3

I have three arrays

import numpy as np
value = np.array ([1, 3, 3, 5, 5, 7, 3])
index = np.array ([1, 1, 3, 3, 6, 6, 6])
data  = np.array ([1, 2, 3, 4, 5, 6])

Arrays "index" & "value" have same size and I want to group the items in "value" by taking average. For example: For the first two items [1, 3, ... in "value", have the same key 1 in "index", so for the final array the value is the mean of the 1st & 2rd items in value : (1 + 3 )/2 which is equal 2

The final array is:

[2, nan, 4, nan, nan, 5]

first value is the average of 1st and 2nd of "value"
second value is nan because there is not any key in "index" (no "2" in array index)
third value is the average of 3rd and 4th of "value" ...

Thanks for your help!!!

Regards, Roy

Roy
  • 297
  • 1
  • 2
  • 9
  • "[...]because there is not any key in index" - can you explain how the indices in the index array relate to the average values any better? – Jim Brissom Jan 13 '11 at 02:00
  • Oh sorry may be my explain no clear Arrays "index" & "value" have same size and I want to group the items in "value" by taking average For example: For the first two items [1, 3, ... in value have the same key 1 in "index", so for the final array the value is the mean of the 1st & 2rd items in value : (1 + 3 )/2 which is equal 2 – Roy Jan 13 '11 at 02:08
  • Just edit your original posting. Comments are not really made for that. – Jim Brissom Jan 13 '11 at 02:13

4 Answers4

3
>>> [value[index==i].mean() for i in data]
[2.0, nan, 4.0, nan, nan, 5.0]
Steve Tjoa
  • 59,122
  • 18
  • 90
  • 101
3

Maybe you would like to use numpy.bincount()?
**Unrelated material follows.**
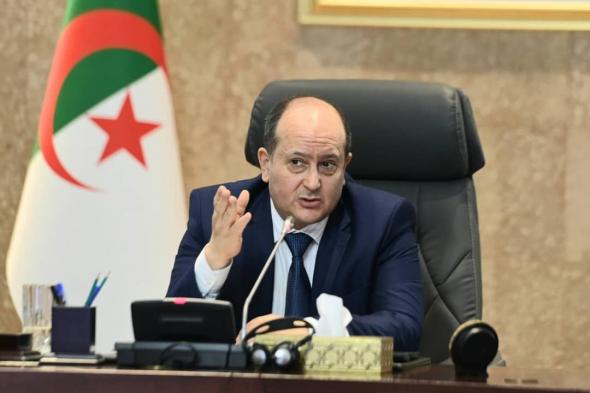 الوزير
الأول
يترأس
اجتماعا
للحكومة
value = np.array([1, 3, 3, 5, 5, 7, 3])
index = np.array([1, 1, 3, 3, 6, 6, 6])
np.bincount(index, value) / np.bincount(index)
# array([ NaN,   2.,  NaN,   4.,  NaN,  NaN,   5.])
Sven Marnach
  • 574,206
  • 118
  • 941
  • 841
0

Is this the general idea you are looking for?

import numpy as np
value = np.array ([1, 3, 3, 5, 5, 7, 3])
index = np.array ([1, 1, 3, 3, 6, 6, 6])
data  = np.array ([1, 2, 3, 4, 5, 6])

answer = np.array(data, dtype=float)
for i, e in enumerate(data):
    idx = np.where(index==e)[0]
    val = value[idx]
    answer[i] = np.mean(val)

print answer # [  2.  nan   4.  nan  nan   5.]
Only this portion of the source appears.